Pulitzer Winner: DOJ Sting Has Had ‘Chilling Effect’ At AP

A Pulitzer winner says the DOJ sting has made it difficult for journalists to do their jobs.

The Department of Justice headquarters building in Washington is photographed early in the morning Tuesday, May 14, 2013.

Mendoza said the DOJ investigation was a "massive and unprecedented intrusion" into private news gathering practices.


A Pulitzer Prize-winning journalist who writes for The Associated Press said Monday that the Department of Justice's investigation into two months of AP phone records has had a "chilling effect" on the ability of the organization to do its work.

Martha Mendoza spent much of the past year working on a "right-to-know" project with the AP, testing freedom of information laws in more than 100 countries and detailing each government's response. Mendoza and her colleagues found that more than half of governments measured either ignore information requests from journalists or aren't forthcoming with requested documents. For the project, she won a "Champion of Freedom" award from the Electronic Privacy Information Center Monday.

[READ: GOP Lawmakers Say AG Eric Holder Misled on Press Probe]

During her acceptance speech, Mendoza said the Department of Justice investigation was a "massive and unprecedented intrusion" into the private news gathering practices of more than 20 journalists.

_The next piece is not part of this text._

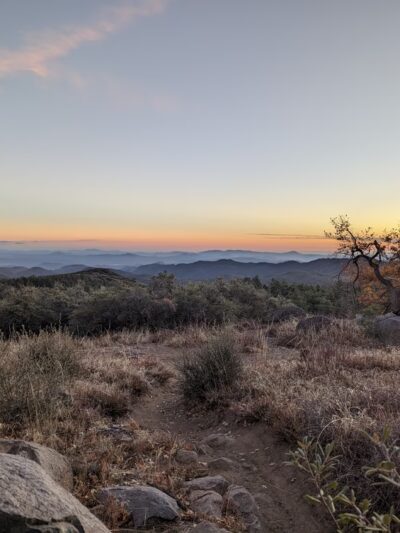 Agua Dulce Trailhead - Mt Laguna, CA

"These records obtained by the Justice Department listed incoming and outgoing calls with work and home phone numbers of individual reporters, the general AP office numbers in New York, Washington and Hartford, Conn., and the main number for the AP's House of Representatives press gallery," she said. "Has this had a chilling effect? It's unbelievable. Yes it has."


Mendoza's comments echoed those of the company's CEO, Gary Pruitt, who said in May that the investigation was "so sweeping, secretively, so abusively and harassingly overbroad" that it was unconstitutional. Pruitt said that since the investigation came to light last month, sources have been reticent to talk to AP journalists out of fear that their phone calls may have been monitored.

The DOJ reportedly seized phone records during an investigation related to a May 7, 2012 AP story about the CIA stopping an al-Qaida plot to detonate a bomb aboard a United States-bound airplane. Attorney General Eric Holder has denied that he was involved with the investigation, saying that his deputy, James Cole, had ordered the seizure.

[ALSO: Holder on Seizing of AP Phone Records: 'I Recused Myself']

"With regard to the potential prosecution of the press for the disclosure of material, that is not something that I've ever been involved in, heard of or would think would be a wise policy," Holder told Congress on May 15.

Mendoza won a Pulitzer Prize for investigative reporting in 2000 for her story about the mass killings of South Korean civilians by American soldiers during the early stages of the Korean War. She said Monday that the latest DOJ investigation further highlights the need to fight for freedom of the press.

"Here it is, 2013, and the fight for a free press, the fight for transparency, and open government access continues to be a core component of journalism," she said.